Town Councilwoman Nancy Graboski looks at proposed Southampton hamlet maps in her office. (March 25, 2010) Credit: Newsday / Mitchell Freedman
Ask anyone in the Town of Southampton where they live, and they'll tell you - in the blink of an eye - which community they call home, from Northampton in the west to North Haven in the east.
Even so, getting universal agreement on where one community ends and another begins has been a challenge.
So when the town board adopted a map outlining those communities earlier this month, it was an accomplishment eight years in the making.
The town has seven villages, but most of the 66,000 residents live in unincorporated hamlets. The drawn-out process of identifying the boundaries of each was complicated by the multitude of arbitrary lines - fire districts, school districts, ZIP codes, park districts, village lines, census blocks, even the roads or streams that traditionally served as hamlet markers.
The new map identifies almost two dozen separate hamlets and villages - a major change from the 1970 master plan that divided the town into 10 areas. And while the map will not have any specific impact on residents, town officials said it is a vital planning tool.
As the town runs out of open space and reaches its maximum build-out, officials say they need to define communities to provide for future needs - to decide what kind of shopping should be included in local zoning, for instance, or to set aside enough land for parks and other recreational needs.
Town Councilwoman Nancy Graboski found just how complicated the issue of boundary lines was as she held dozens of sessions in search of agreement. She engaged in a kind of shuttle diplomacy, meeting with different community groups in an effort to reach a common understanding of where one community ended and another began.
"We have one area of Hampton Bays, it changed to Hampton Bays in 2004 or 2005. Before that, it had always been East Quogue," Gabroski said. "It's in the East Quogue school district, but the students go to Westhampton Beach High School."
After dozens of changes, Noyac got a little bigger, Bridgehampton got a little smaller and East Quogue grew a bit by taking a chunk out of what had been considered Hampton Bays.
"It's interesting what you think your community is," says Fred Cammann, chairman of the Bridgehampton Citizens Advisory Committee. "It's arbitrary."
He used Bridgehampton as an example: The western part of the Bridgehampton school district is in the Water Mill ZIP code. Residents there must pick up their mail at the Water Mill post office, which doesn't provide home delivery. And that routine reinforces their identity as residents of Water Mill.
Years ago, when Bridgehampton was considering becoming a village, "when we proposed a boundary on the west side, you should have heard the yelling in Water Mill," Cammann said.

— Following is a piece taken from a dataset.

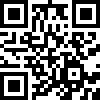 https://hawzahnews.com/xf8fQ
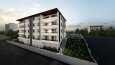 🏗️ İnşaat Firması İçin Modern ve Etkili Reklam Videosu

The sense of identity stretches outside village lines, too. In Sag Harbor, for example, the village border is clearly marked, and residents vote in village elections and pay village taxes. But people who live just to the south of the village boundary feel they live in greater Sag Harbor. The new map identifies that area - south of Sag Harbor Village and north of Sagaponack and Bridgehampton - as Sag Harbor, minus the "Village."
Some residents have been fighting over the issue of identity for years. Carl Iacone, former president of the Bayview Pines Civic Association, lives in Flanders - and has tried to get people to believe that for nearly two decades.
But the phone book lists his address as Riverhead. His ZIP code is Riverhead. And his house, like the rest of Flanders, is in the Riverhead School District.
"It's very important for people who live in a community to have a sense of identity," Iacone said.